### Work instructions
Print every line from the start of the data, and when you reach the line with "Three colorful plush", include it and stop. Pictures are not part of the copy.

### Data records
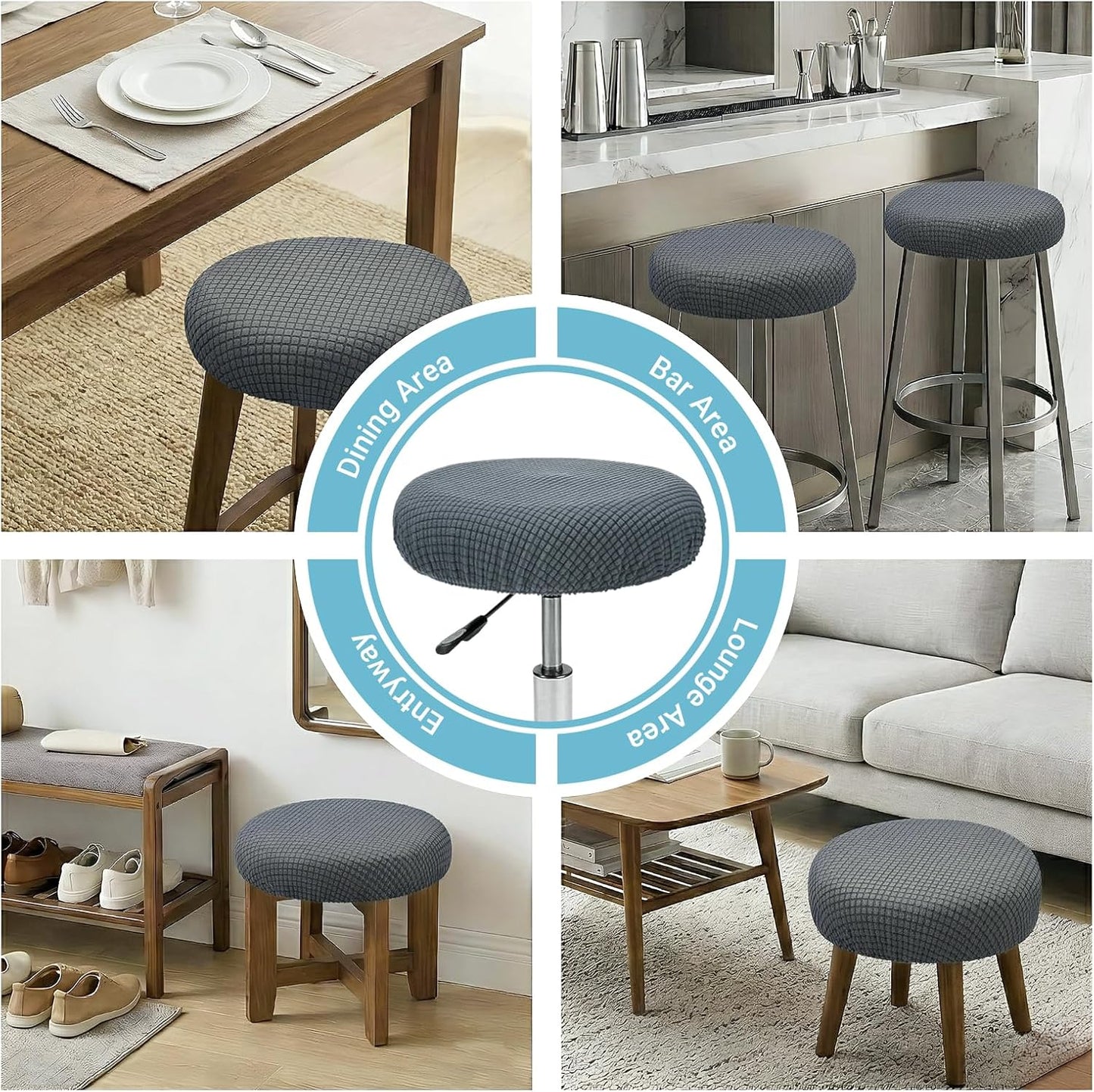 2 Pcs Bar Stool Covers, 100% Polyester Dark Gray Elastic Stool Covers Round, Fit for Dia 11-14 Inch Stool Cushion Round, Washable Dustproof Seat Cushion Slipcover for Bar Kitchen Living Room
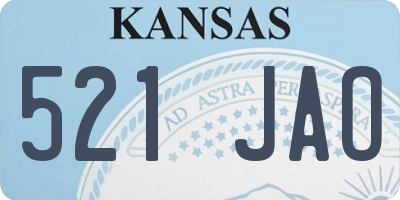 KS license plate 521JAO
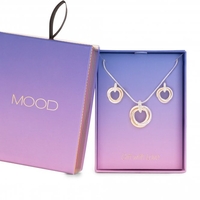 3 Tone Interlink Knot Necklace And Earring Set - Gift Boxed
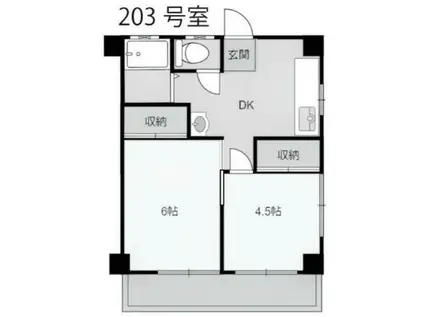 スターマンション(1LDK/2階)の間取り写真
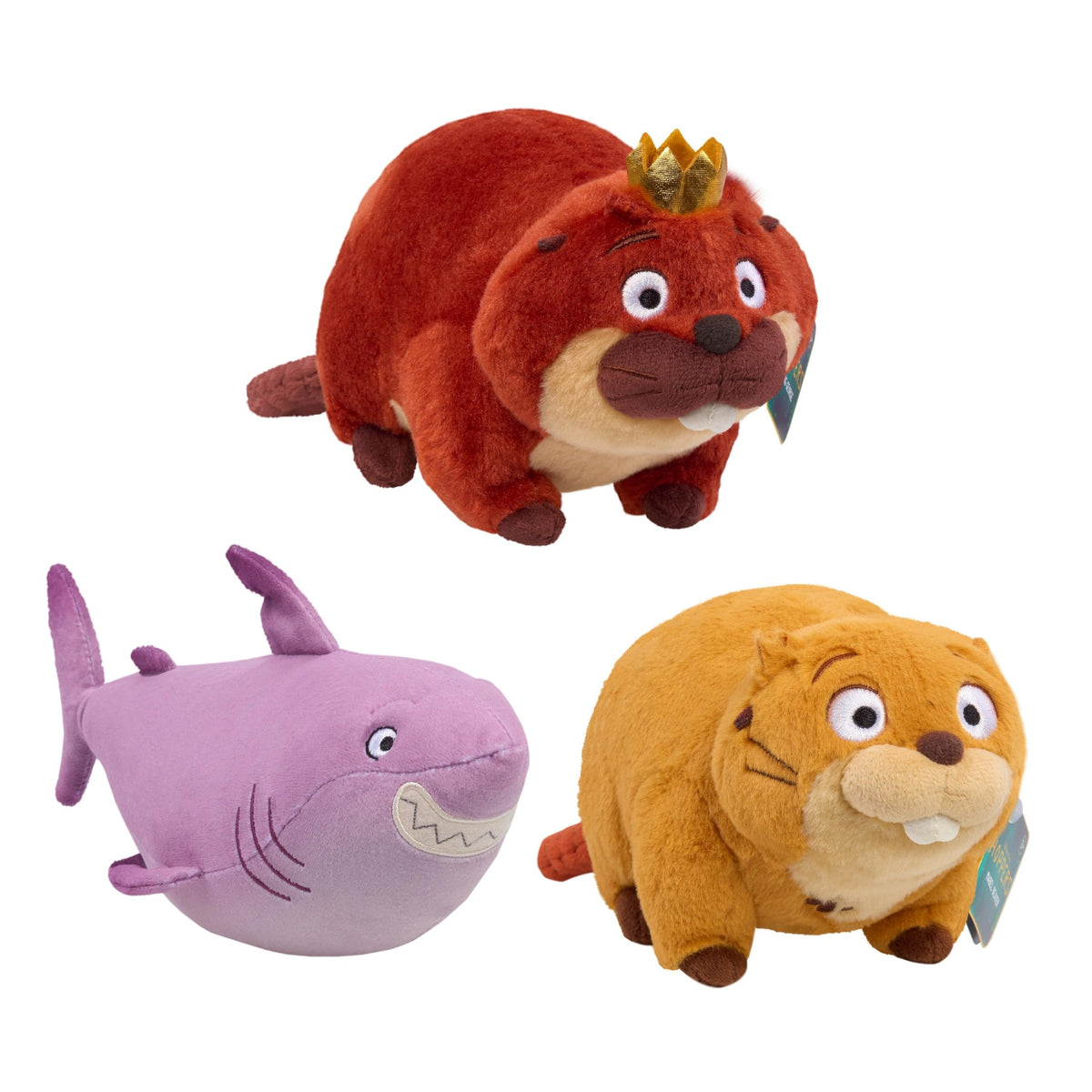 Three colorful plush animal toys, including a red otter with a crown, a purple shark, and an orange beaver.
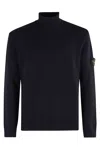 Stone Island Logo Roll-neck Jumper In Blue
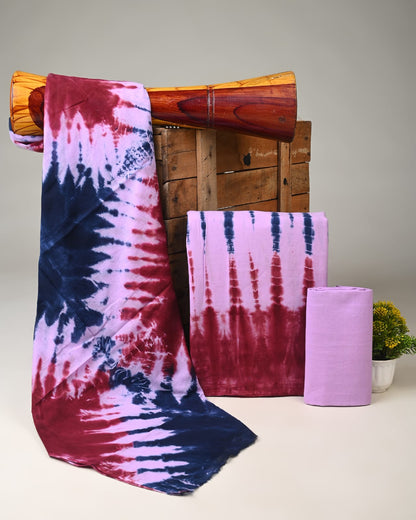 maroon blue shibori handblock printed cotton mulmul dress material wholesale India supplier for bulk buyers Fabtexs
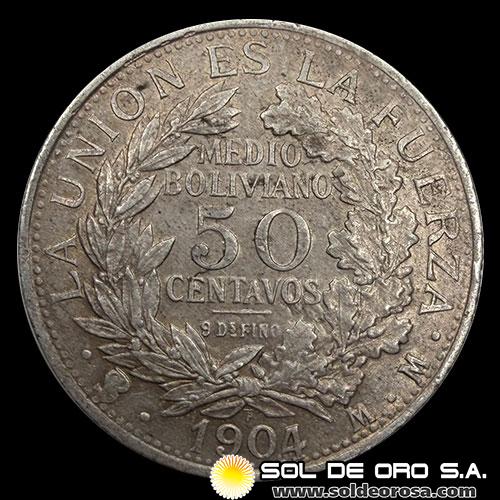 NA1 - BOLIVIA - 50 CENTAVOS, 1904 - MONEDA DE PLATA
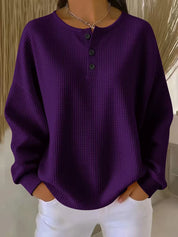 Marlena Whitfield | Waffle Knit Henley Pullover Top For Women
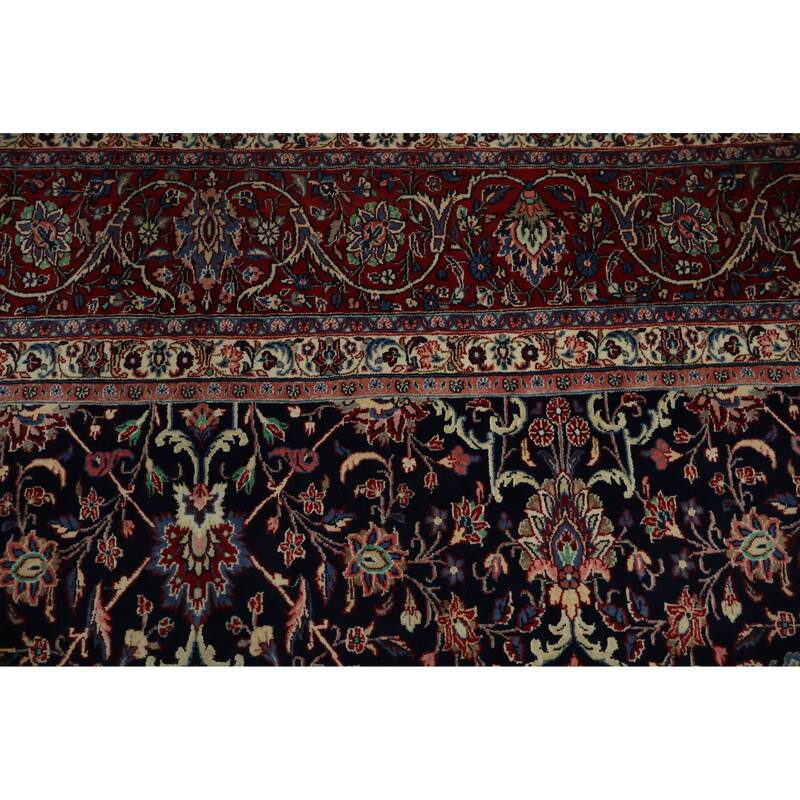 Hand Knotted Oriental 100% Wool Carpet Traditional Traditional Navy Blue & Blues Sarouk Area Rug - 14' 5'' X 10' 4''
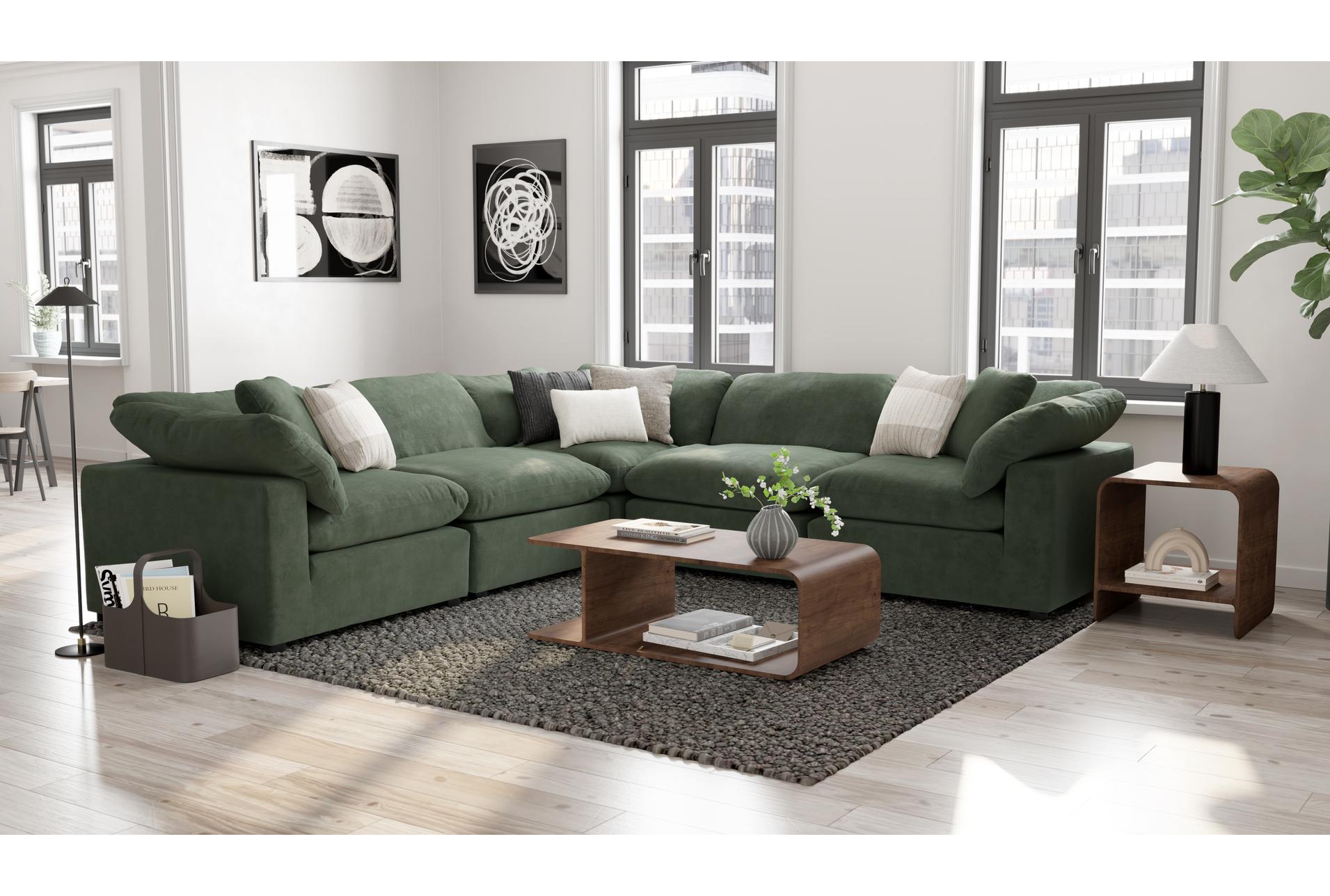 zone green fabric 5 piece modular l-shaped sectional with 3 corners 2 armless chairs | reversible | loose reversible back 12 zone green fabric 5 piece modular l-shaped sectional with 3 corners 2 armless chairs | reversible | loose reversible back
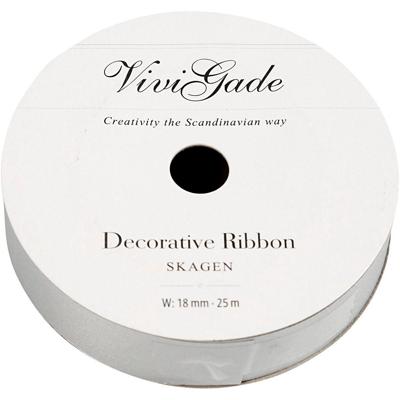 Creativ Company Cadeaulint, b: 18 mm, matt, zilver, 25 m/ 1 rol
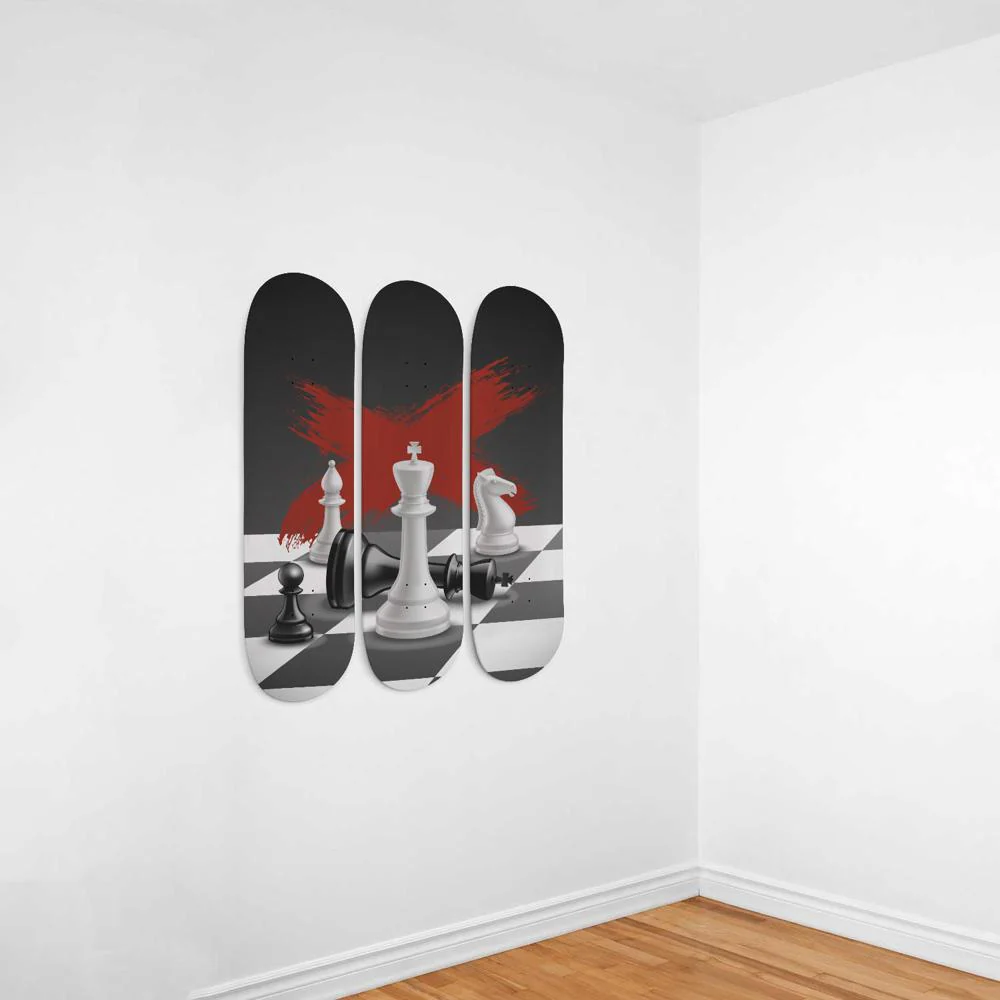 Chess Pieces Skateboard Wall Art - Image 3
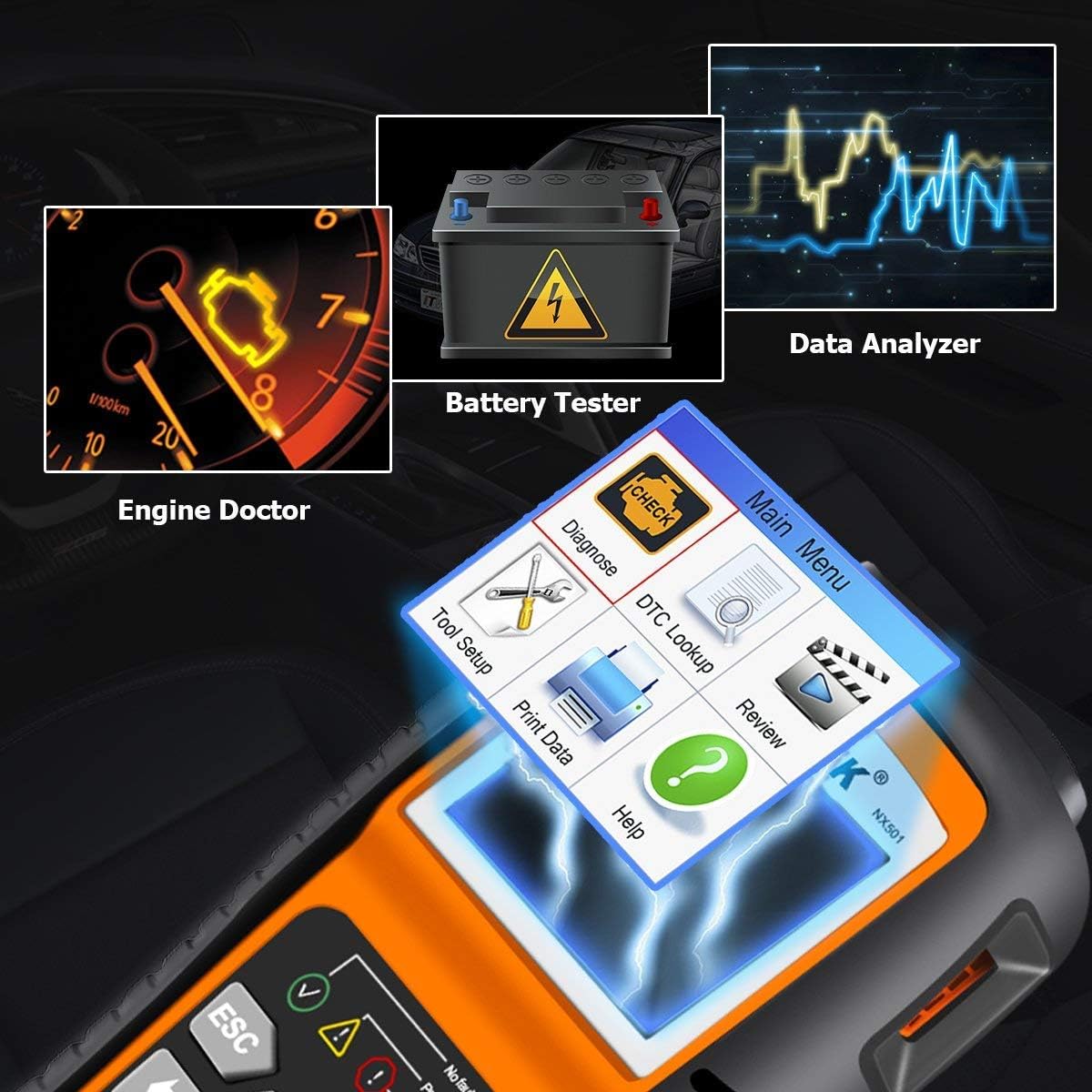 NEXPEAK NX501 OBD2 Scanner Enhanced Code Reader for All OBDII Vehicles After 1996 I28366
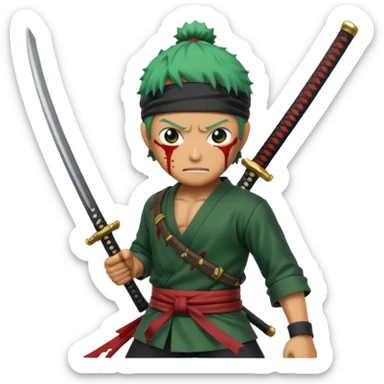 zoro in a battle field with 3 styles sword sticker
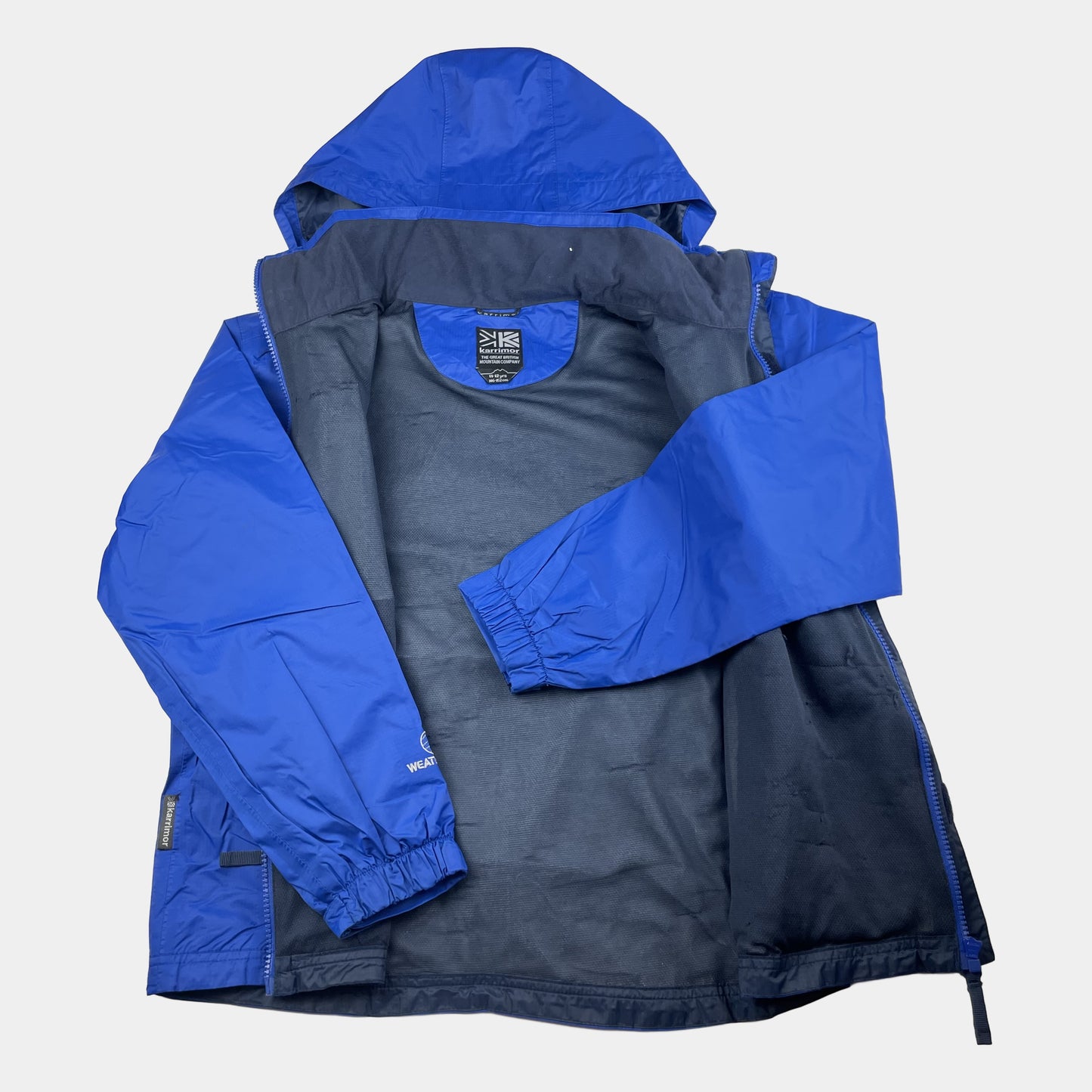 Blaue Regenjacke mit Kapuze für Kinder, Größe 11-12 Jahre – inside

### Reply to the exercise
 2 Pcs Bar Stool Covers, 100% Polyester Dark Gray Elastic Stool Covers Round, Fit for Dia 11-14 Inch Stool Cushion Round, Washable Dustproof Seat Cushion Slipcover for Bar Kitchen Living Room
 KS license plate 521JAO
 3 Tone Interlink Knot Necklace And Earring Set - Gift Boxed
 スターマンション(1LDK/2階)の間取り写真
 Three colorful plush animal toys, including a red otter with a crown, a purple shark, and an orange beaver.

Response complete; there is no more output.